First live test on 2023-10-01: the briefing was correct — specific numbers, hedged language, no diagnosis claims. The evaluator rejected it twice before passing on attempt 3. Same pattern as the RAG validator: over-strict, but I kept it. A false positive that makes the model retry is better than a false negative that lets bad output through.

Briefings are pre-generated for key historical weeks and cached to SQLite. Real-time generation takes 25–35 seconds through the full workflow. Cached briefings load in ~3 seconds. The dashboard labels them "Historical AI Briefing" — no pretending they're live.

Phase 4

Dashboard — built and redesigned four times

v1 was tab-based. Worked. That's the most generous thing I can say about it.
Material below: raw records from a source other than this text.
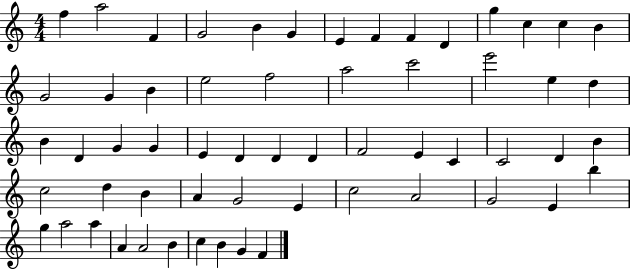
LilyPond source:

{
  \clef treble
  \numericTimeSignature
  \time 4/4
  \key c \major
  f''4 a''2 f'4 | g'2 b'4 g'4 | e'4 f'4 f'4 d'4 | g''4 c''4 c''4 b'4 | \break g'2 g'4 b'4 | e''2 f''2 | a''2 c'''2 | e'''2 e''4 d''4 | \break b'4 d'4 g'4 g'4 | e'4 d'4 d'4 d'4 | f'2 e'4 c'4 | c'2 d'4 b'4 | \break c''2 d''4 b'4 | a'4 g'2 e'4 | c''2 a'2 | g'2 e'4 b''4 | \break g''4 a''2 a''4 | a'4 a'2 b'4 | c''4 b'4 g'4 f'4 | \bar "|."
}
v2 happened after a real user review turned up six problems at once. Not user-friendly. Design not modern. Technical jargon visible to actual users (epiweek, WoW, YoY, RMSE, XGBoost — all of it, just sitting there). A province scatter map with 81 dots and zero case data attached, serving no purpose. "Latest Week Cases: 2,607 (+34.5% WoW)" presented as if it were current — the data is from 2023, it's 2026. And tabs that felt outdated.
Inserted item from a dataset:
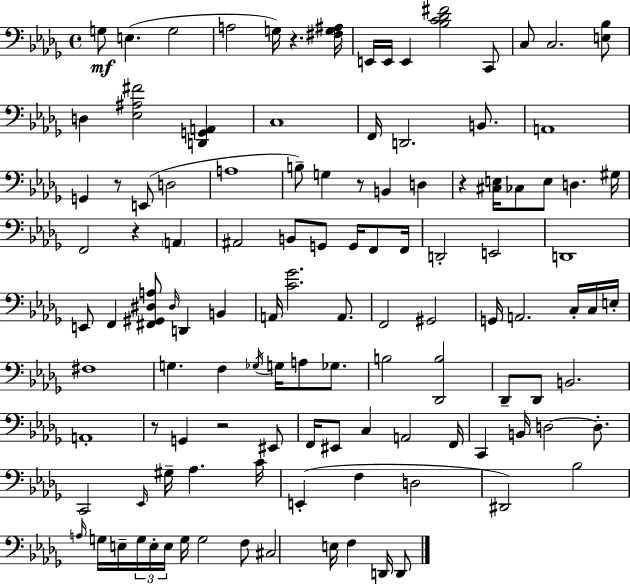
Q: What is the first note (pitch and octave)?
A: G3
All valid. Rebuilt it: sidebar navigation, removed every piece of jargon, replaced the useless dot map with a regional case bar chart showing actual information, added plain-language intro boxes on every page, put "Data period: 2012–2023" everywhere it could matter.

v3 added a floating action button and modal dialogs for the main features.
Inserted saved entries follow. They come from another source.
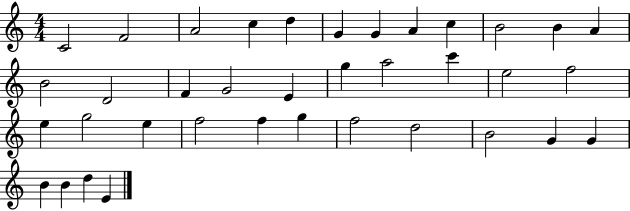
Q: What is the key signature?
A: C major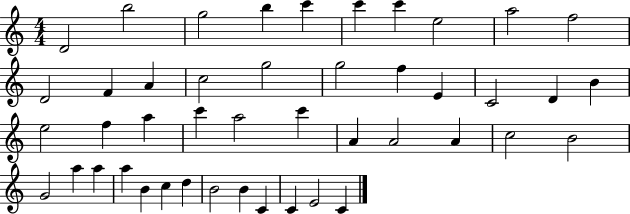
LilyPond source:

{
  \clef treble
  \numericTimeSignature
  \time 4/4
  \key c \major
  d'2 b''2 | g''2 b''4 c'''4 | c'''4 c'''4 e''2 | a''2 f''2 | \break d'2 f'4 a'4 | c''2 g''2 | g''2 f''4 e'4 | c'2 d'4 b'4 | \break e''2 f''4 a''4 | c'''4 a''2 c'''4 | a'4 a'2 a'4 | c''2 b'2 | \break g'2 a''4 a''4 | a''4 b'4 c''4 d''4 | b'2 b'4 c'4 | c'4 e'2 c'4 | \break \bar "|."
}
v4 removed all three of those ideas. The floating button was invisible — users would never find the main features. The modal dialogs were two extra clicks of friction for no reason. The light map tiles (carto-positron) clashed with the dark #0F172A UI. Replaced with always-visible nav buttons, inline panels, and dark carto-darkmatter tiles. That's what's live now.

Cold start on Streamlit Community Cloud takes 3–5 minutes while PyTorch and sentence-transformers install fresh on the free-tier runner. Once warm, it's fast. That's the cost of the free tier.

By The Numbers

109
tests passing
pytest · all phases
0.70
test RMSE (log)
vs 1.07 ARIMA
1,617
RAG chunks
8 PDFs · 406 pages
4
LangGraph nodes
with validator pass
12
years of data
2012 – 2023
4
dashboard redesigns
v1 → v2 → v3 → v4

What I'd do differently

  • Contact DOH directly for CSV exports instead of assuming their surveillance reports are text-extractable.
  • Find PSA official regional shapefiles before designing a region-level map. Discovering GADM uses provinces, not regions, at the end of Phase 1 was avoidable.
  • Ship v4 of the dashboard from the start. I knew what good UI looked like. I just didn't do it first.
  • Be honest about what "prediction" means at the proposal stage. The model tells you what probably happens next week based on what happened last week. That's valuable — but it's not an outbreak alert system.

What's next (v2)

  • Fine-tune Llama 3.2 1B on Filipino dengue health text — NER for symptoms, locations, and severity — and publish to Hugging Face Hub.
  • Publish the cleaned OpenDengue dataset to Hugging Face Datasets.
  • Connect a live DOH or WHO data feed if one becomes available as open data.
  • Province-level granularity if PSA releases structured, machine-readable surveillance data.

Data from OpenDengue, Open-Meteo, GDELT, and Google Trends is open data.
SentinelPH is not affiliated with DOH Philippines or WHO.